A Journey To The Revillagigedo Archipelago: Part I

We travelled to Mexico in search of wild encounters with marine life and experience a different culture.

By Josh Davies

Me and Patrizia have recently returned from one of the most exciting, action-packed adventures of our lives. We travelled to Mexico in search of wild encounters with marine life and experience a different culture.


San Jose Del Cabo Main Square

The Journey

The multi-day journey to reach the liveaboard started in London. It was a little over 11 hours to reach Mexico City (-7 hours GMT), which although can seem like an eternity, there is plenty to keep you occupied. We flew with British Airways, and immediately from the check-in to arriving the other side, the staff could not have been more helpful.

We experienced a short delay before boarding, and as we had left enough time between travel and adjoining flights, this did not affect our travel plans, fortunately. If you are on a tight schedule, and are concerned with this kind of thing, I would recommend comprehensive travel insurance, that covers you for any missed flights and liveaboard trips, in the event you are unable to make it for any reason. The worst thing about insurance, is that you never want to actually have to use it, however it can give you peace of mind, in these situations.

The route that we took, which was the most direct (as is the case from most European international airports) was London Heathrow (LHR) > Mexico City (MEX) > San Jose Del Cabo (SJD). We opted to stopover a night in each place, in order to allow for any major delays or flight changes. Due to the distance, we wanted the peace of mind, even if that meant arriving a day or two early. If you have time constraints, with the right flight schedule, you could make it to Cabo San Lucas for the boat departure, in 2 days.

From Mexico City to San Jose Del Cabo (-8 hours GMT), it’s a little over 2 hours by plane. From the moderately cold, mountain climate, the first wave of heat hit me when I stepped off the plane. Sandstone-coloured buildings and tall cacti dotted around reminded me that I had arrived in the desert.
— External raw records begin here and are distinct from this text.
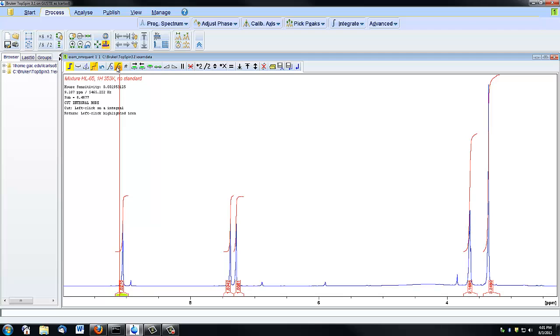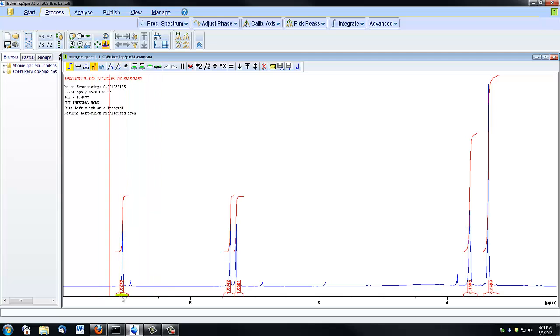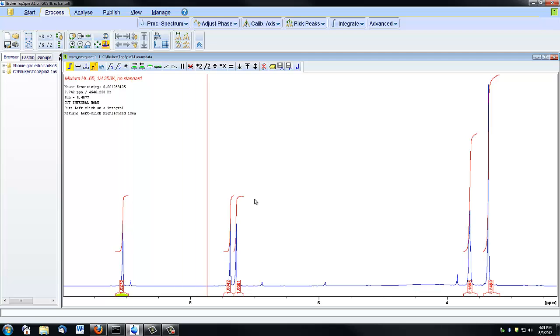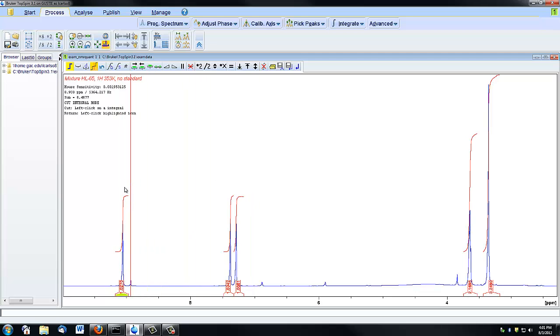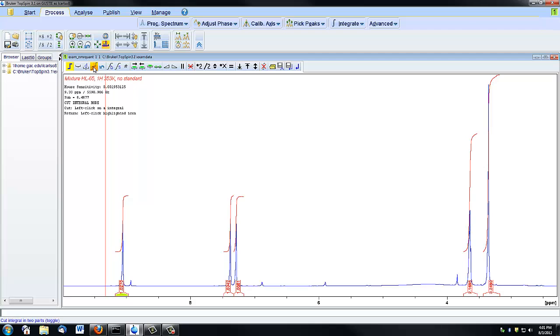So you can just kind of mess around with those until you've got a nice integral shape. And you'll notice that the value actually changed when that happened, which is important because you're getting more accurate results if you actually do this.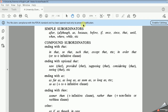We have simple subordinators such as: after, though or although, as, because, before, etc. We have compound subordinators ending with 'that', such as: in that, so that, such that, or 'to' plus infinitive clause. We also have subordinators ending with optional 'that' — meaning you can delete it without changing the structure or meaning — such as: now that, provided that, supposing that, etc.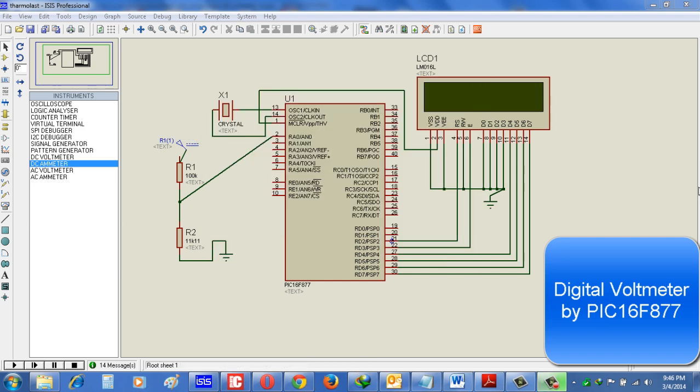This is because actually a microcontroller can withstand maximum 5 volts. But if you want to measure beyond that level, then we have to use this voltage divider circuit. In my circuit arrangement I use 100K by 11.11K.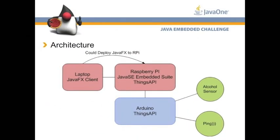So this is the quick architecture we have. We're running the client right now on the laptop, but we could just as easily put it on the Raspberry Pi itself. And the Raspberry Pi has the Java SE embedded suite. It's running the client side of the Things API, which talks over serial to Arduino with the Things API running on there.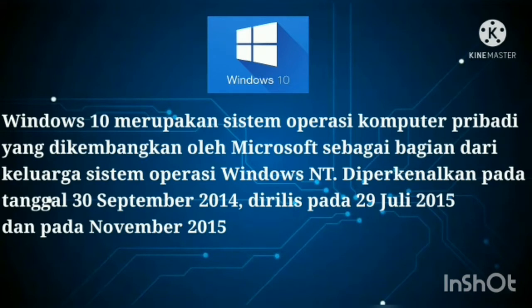Dan pada November 2015, Windows 10 bertujuan untuk mengatasi kekurangan dalam antarmuka pengguna yang pertama kali diperkenalkan oleh Windows 8, dengan menambahkan mekanik tambahan yang dirancang untuk meningkatkan pengalaman pengguna.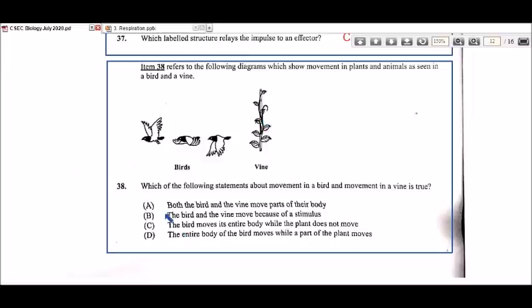Option B says the bird and the vine move because of a stimulus — that isn't quite true, as the bird can choose to move on its own without a stimulus. Option C says the bird moves its entire body while the plant does not move — but plants do move in some form, just not their whole body, so we rule out C.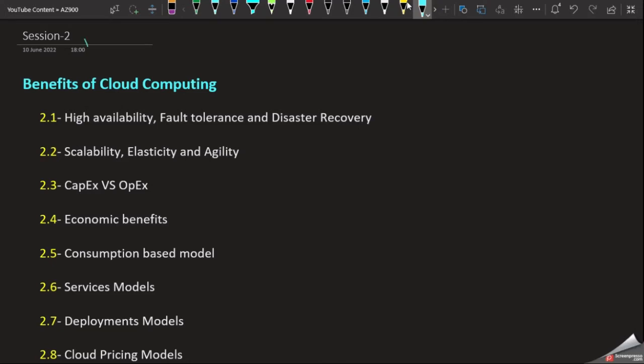What do we want to talk about in this session? We will discuss the benefits of cloud computing in this session.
One of many streets of wall art in San Jose Del Cabo

A few things to bear in mind when travelling in Mexico:

A little Spanish goes a long way. Brush-up on your local phrases using a Lonely Planet, phrase book or language app. It’s polite, the locals will appreciate it.

Travelling with a camera? There have been many reports of airports charging people a “camera tax”. Fortunately, our liveaboard, Nautilus informed us of this before coming, so we planned accordingly, however it’s not common knowledge. This is completely illegal, and should you come across this issue, you should contact your liveaboard representative immediately to assist. Try to ask them about this before you travel, so they can give you a contact to call in the case this happens.

It is customary to leave tips in Mexico, and whilst in many countries like Australia and in Europe, tipping is not the ‘norm’, it’s important to respect the local rules. Just account for a 10-15% tip when eating out, taking a taxi, or when a porter helps with your luggage, and you won’t go far wrong.


The local market every Thursday and some local city fauna and street art

San Jose Del Cabo

San Jose Del Cabo is a small city in Baja California, Mexico, which around 140,000 people call home.

Once making the journey from the airport to the city centre, we stayed at the budget-friendly Hotel Casa Ceci. The location was fantastic (very central) and although with simple amenities, it was comfortable, and the staff were friendly and accommodating.

Whilst being a 15-minute car journey from the ocean, there are few public beach spaces around, as they are mostly private to the hotels in the area. So if you’re thinking of heading to the beach for a sunset drink or post-lunch margherita, think twice, as the bars are normally private for hotel guests only.

We normally like to get around with our two feet, if you do need to reach out of town, or you need to head to one of the larger supermarkets, outside of the centre, Uber is the cheapest way to get around. The few times we used it during the trip, we found the drivers to be readily available, and reasonably priced. It’s one of the few times when it’s not customary to tip – as this is normally done through the app.

Plaza Mijares is the town centre, which hosts an artisanal market every Thursday. Here you will find local artists showcasing their work, along with other local products such as coffee, bags, and clothing, made exclusively by people from the neighbouring towns and cities. There was a band playing, and the bars and streets are bustling.

Alternatively, we used the local buses to travel, which for long-distances, were much more affordable, and a great way to see the scenes, especially when travelling From San Jose Del Cabo to Cabo San Lucas.

Once arriving in Cabo San Lucas, the small yet notorious city where the Nautilus Explorer was due to depart from that night, we headed straight to the See Creatures dive centre. After being introduced to the Nautilus staff, exploring the town, and enjoying the free photography course offered by Nautilus, it was time to go to the boat.


Getting our last minute photography revision in, courtesy of Alex Mustard and Pacifico brewery

TIP: arriving in Cabo San Lucas early on the day of departure will mean you will spend most of the day waiting in the city. There is a busy harbour, a shopping centre, and an array of restaurants to choose from, whilst you wait for the departure to Socorro.